DATA EXTRACTS:
•••
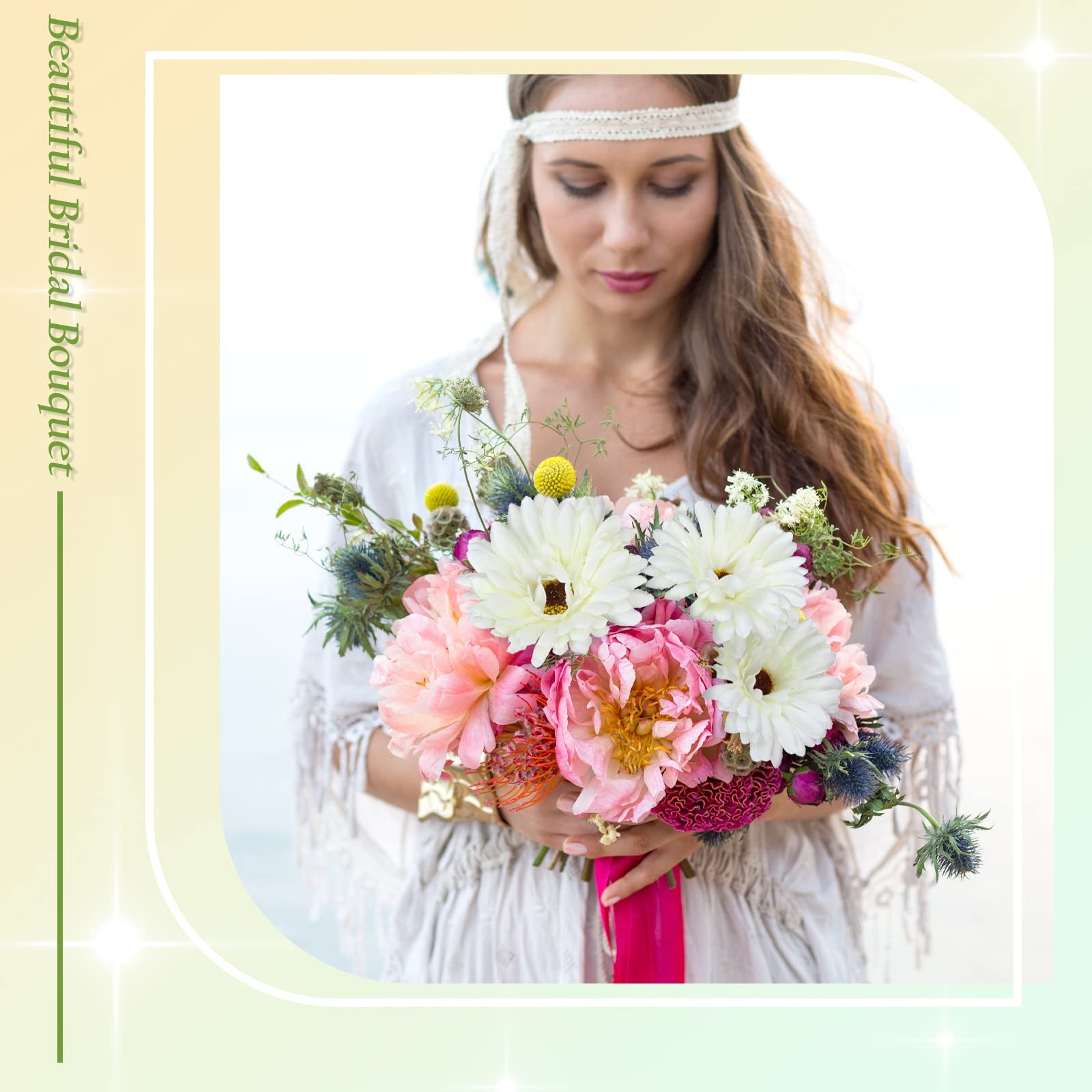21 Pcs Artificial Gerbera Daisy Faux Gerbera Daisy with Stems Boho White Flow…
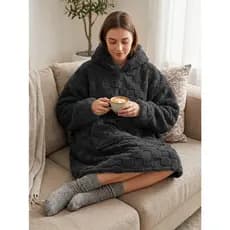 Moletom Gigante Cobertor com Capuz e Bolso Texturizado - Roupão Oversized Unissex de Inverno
•••
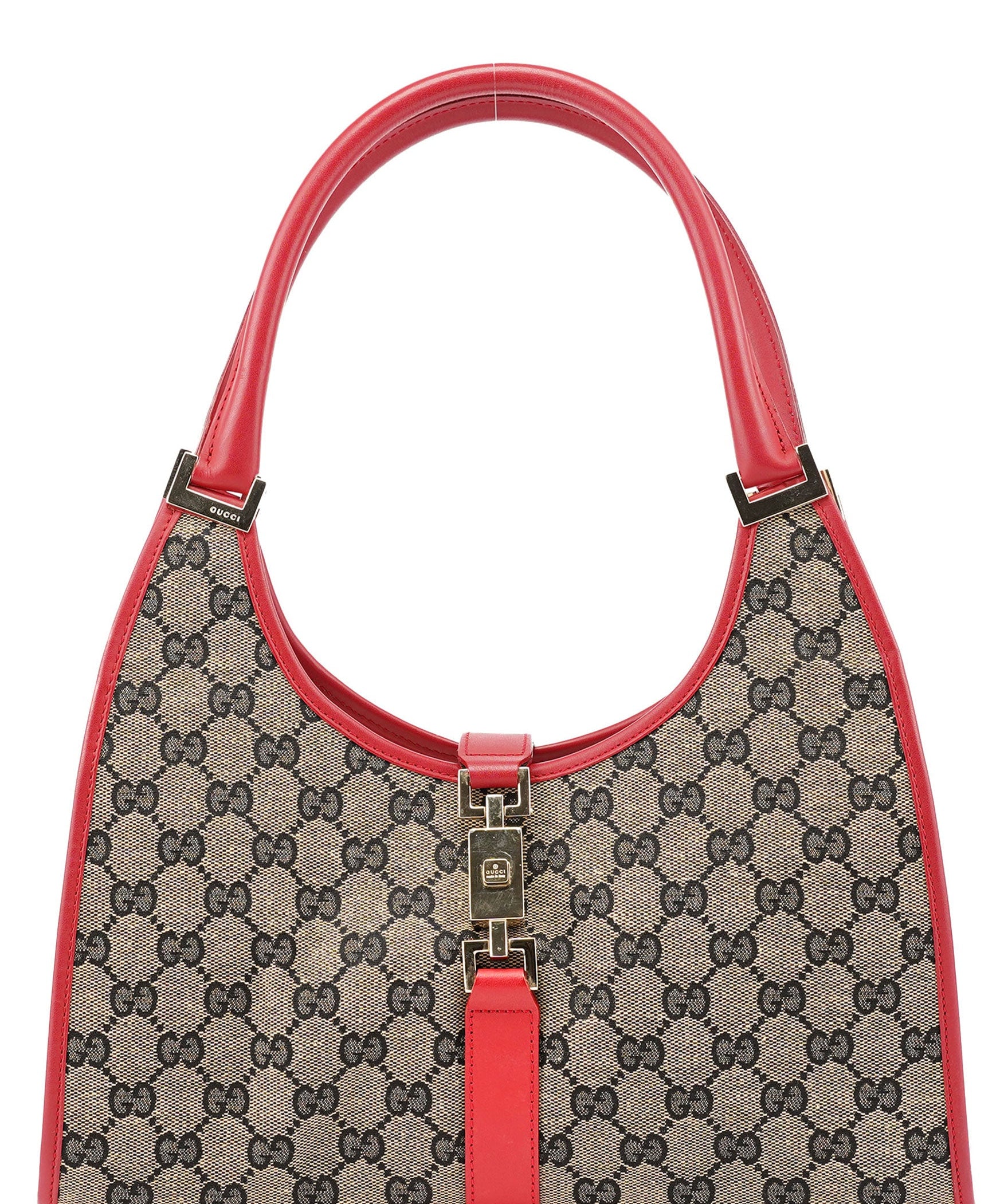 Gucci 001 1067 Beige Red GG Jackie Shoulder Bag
•••
WORK INSTRUCTION:
Give again, exactly as written above, each line from the one that has "21 Pcs Artificial" to the one that has "Moletom Gigante Cobertor", both included; omit the pictures.

OUTPUT OF THE EXERCISE:
21 Pcs Artificial Gerbera Daisy Faux Gerbera Daisy with Stems Boho White Flow…
 Moletom Gigante Cobertor com Capuz e Bolso Texturizado - Roupão Oversized Unissex de Inverno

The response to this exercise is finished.